Noch besser ist natürlich das reale Gespräch mit einem Zeitzeugen oder der Besuch einer Gedenkstätte. Ich war selbst noch nicht im Anne-Frank-Haus in Amsterdam, aber immerhin in der Berliner Ausstellung. Besonders gut erinnere ich mich auch noch an ein Erlebnis im Jahr 1998. Damals besuchte ich im Rahmen einer Klassenfahrt die sogenannte Kleine Festung, die von den Nazis als KZ Theresienstadt genutzt wurde. Es ist vielleicht nicht ganz so intensiv wie das Vernichtungslager Auschwitz-Birkenau, das ich persönlich nur aus Fotos und Filmen kenne. Doch wenn man sich schon in einem kleineren Lager wie Theresienstadt allein mal in die Türöffnung stellt und in eine dunkle Zelle blickt, fließen die Gedanken an das damalige Leid der misshandelten und ermordeten Menschen automatisch durch den Kopf.
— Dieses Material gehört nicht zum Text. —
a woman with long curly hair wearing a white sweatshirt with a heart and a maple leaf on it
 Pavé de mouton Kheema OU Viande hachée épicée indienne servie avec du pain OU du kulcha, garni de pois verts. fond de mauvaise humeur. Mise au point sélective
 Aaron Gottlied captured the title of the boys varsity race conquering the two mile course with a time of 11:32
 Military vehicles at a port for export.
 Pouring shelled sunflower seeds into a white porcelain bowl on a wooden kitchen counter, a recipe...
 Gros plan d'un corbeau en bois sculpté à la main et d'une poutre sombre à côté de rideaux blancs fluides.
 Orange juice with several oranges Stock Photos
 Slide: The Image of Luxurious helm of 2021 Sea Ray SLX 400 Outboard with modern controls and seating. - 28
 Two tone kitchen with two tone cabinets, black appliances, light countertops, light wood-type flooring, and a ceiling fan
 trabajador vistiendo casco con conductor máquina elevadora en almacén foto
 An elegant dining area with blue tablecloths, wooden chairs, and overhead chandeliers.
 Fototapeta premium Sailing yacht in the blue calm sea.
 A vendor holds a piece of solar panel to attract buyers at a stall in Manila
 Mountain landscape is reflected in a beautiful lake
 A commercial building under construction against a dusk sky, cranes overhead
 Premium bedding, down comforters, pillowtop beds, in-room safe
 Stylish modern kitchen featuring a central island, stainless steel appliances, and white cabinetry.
Außerdem kann man sich mit der Geschichte in der eigenen Umgebung beschäftigen. Meine Heimatstadt Düren war beispielsweise durch ihre Lage an der Westfront hart vom Zweiten Weltkrieg betroffen. Auch in anderen Städten findet man Spuren.

Wenn man sich nicht nur trockenes Schulwissen über den Holocaust und generell die Zeit des Nationalsozialismus aneignet, sondern Verbindungen findet, die das damalige Geschehen anschaulich erlebbar machen, kann man nicht vergessen, was geschehen ist. Es ist zugleich die beste Versicherung gegen Antisemitismus und jegliche Form von Rassismus und Extremismus. Es ist die beste Voraussetzung für „Nie wieder“.